I can say with pride that I have never had the misfortune of watching Bad Boys, the directorial debut of abhorrent Hollywood hack Michael Bay, starring uncle Tom duo Will Smith and Martin Lawrence. That being said, I believe that the only film with the title Bad Boys that deserves to be acknowledged by film going audiences is the film directed by Rick Rosenthal. In Bad Boys, Sean Penn plays an American mick by the name of Mick O'Brien. O'Brien surely does not hold the mythical luck of the Irish as he accidentally kills a young hispanic boy during a wild car race with a couple men in blue. Mickey the mick's luck also proves to be in the negative when he realizes that the swarthy boy he killed was the brother of rival gang leader Paco Moreno. Bad Boys is a film that does not play the misleading game of political correctness like most modern day Hollywood features as the gangs featured in the film are racially segregated. Thankfully, director Rick Rosenthal (whether consciously or subconsciously) decided not to give any type of preachy social commentary as to the racial divisions featured in the film.

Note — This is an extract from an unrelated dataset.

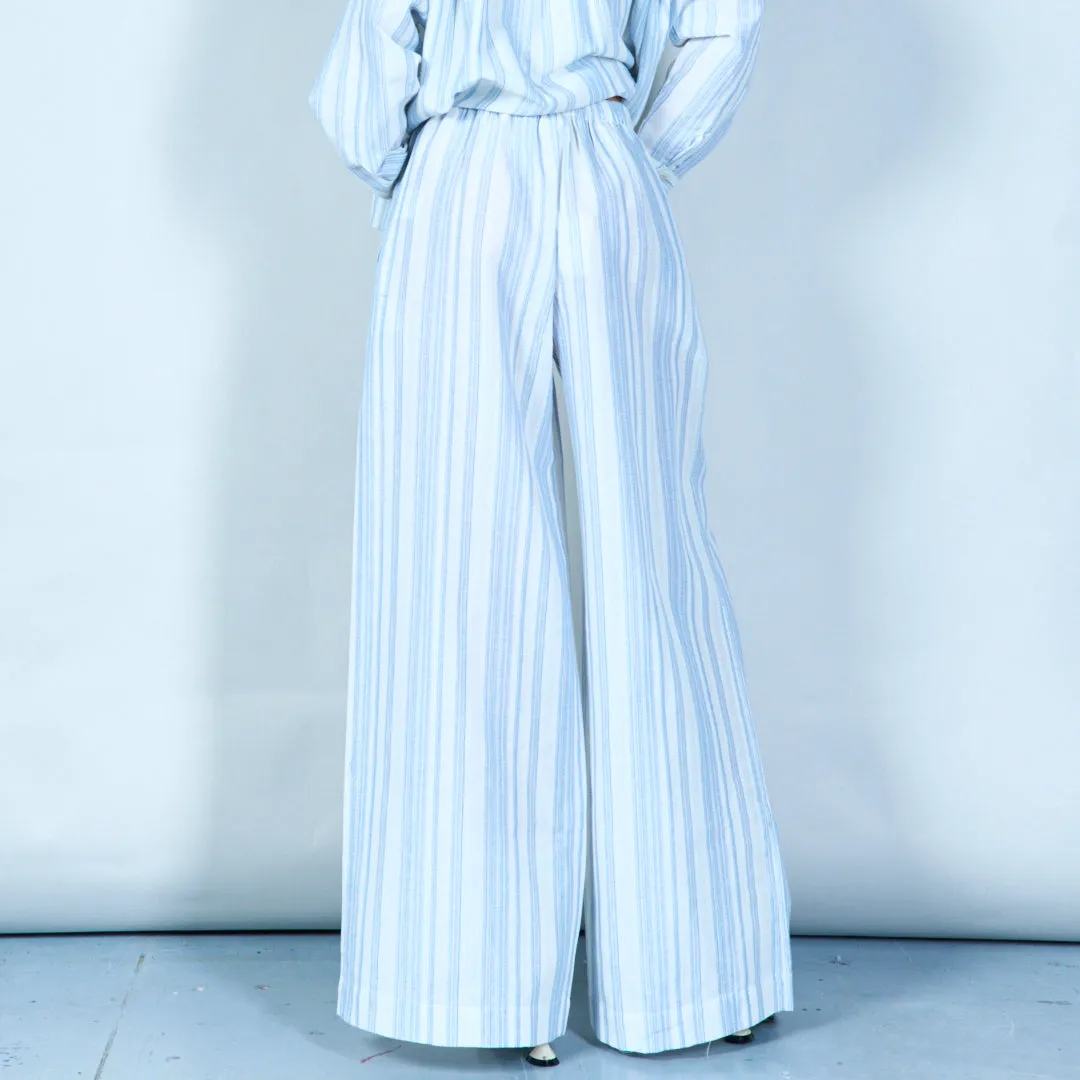 Striped wide-leg linen pants wholesale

Director Rick Rosenthal fittingly makes a cameo in Bad Boys as the judge that obnoxiously sentences Mick O'Brien to his stay at a juvenile detention center. Upon entering the teen penitentiary, O'Brien soon learns the dirty politics of an inmate duo-dictatorship run by a blonde beast known as Viking and an uncouth Negro nicknamed Tweety. Mick shares a prison cell with a deranged miniature Israelite appropriately named Barry Horowitz. Barry looks and acts like art house auteur Harmony Korine as he did (before heroin when appeared on Letterman in 1995) during his teenage skateboarding years. Barry earned his stay at the juvenile detention center after attempting to blow up up a building containing a couple bullies (Barry admits that he ended up killing 3 innocent people, leaving the bullies unscathed) that had beat him up earlier. I hate to say it but blowhard Barry (he admittedly loves to converse) is easily the most charismatic and interesting character in Bad Boys. Although Sean Penn does a decent job playing a juvenile jailbird in the film, it is hard to imagine after watching Bad Boys that he would later play a ridiculously retarded father in I am Sam. The quality of Penn's performance in Bad Boys fits in somewhere between his role as Spicoli (his greatest performance) in Fast Times at Ridgemont High and his role as a post-virginal retard in I am Sam (his most embarrassing performance).
Not too long ago I watched Felon (2008), another film that shows the absurdity of racial diversity when humans are forced to stay in the most savage of manmade concrete habitats. Although I enjoyed Felon to a certain notable degree, I have no interest in watching the film ever again. For me, Bad Boys was no doubt a different kind of experience as I plan on revisiting the film sometime in the foreseeable future. Like Class of 1984, Bad Boys radiates a certain kind of vintage gritty charm that cannot be duplicated in modern films. The film opens with photos of innocent looking grade school, before they were exposed to the utter depravity of urban jungles and turned into metropolitan manimals themselves. Like many Hollywood prison films, Bad Boys ends with an asinine sentimental message of hope. It has been nearly 30 years since the film was released and there is no sign of decreasing crime but that does not deduct from the (albeit redundant) message of the film. The main moral intendment of Bad Boys it that no matter how bad of an environment one grows up in, everyone makes a conscious decision regarding the actions that will play a big role in dictating their future. Admittedly, I do not support rational decisions for every set of circumstances. I was certainly glad when Barry attacked the prison official with a golf club (easily the funniest scene in the movie) in Bad Boys after he was condemned to solitary confinement (a one man ghetto for a Judaic certainly cannot be a pleasurable experience) for the remainder of his penitentiary sentence. As the film Bad Boys testifies to, most individuals receive jail time by making deficient decisions usually in a pathetic attempt to prove their uncivilized pseudo-masculinity. I have seen some of my childhood friends go down this downward spiraling road and there was certainly no absurd 'rehabilitation' during their caged prison stay. Bad Boys may not scare aspiring criminals straight but it is without fail when it comes to engrossing cinematic recreation.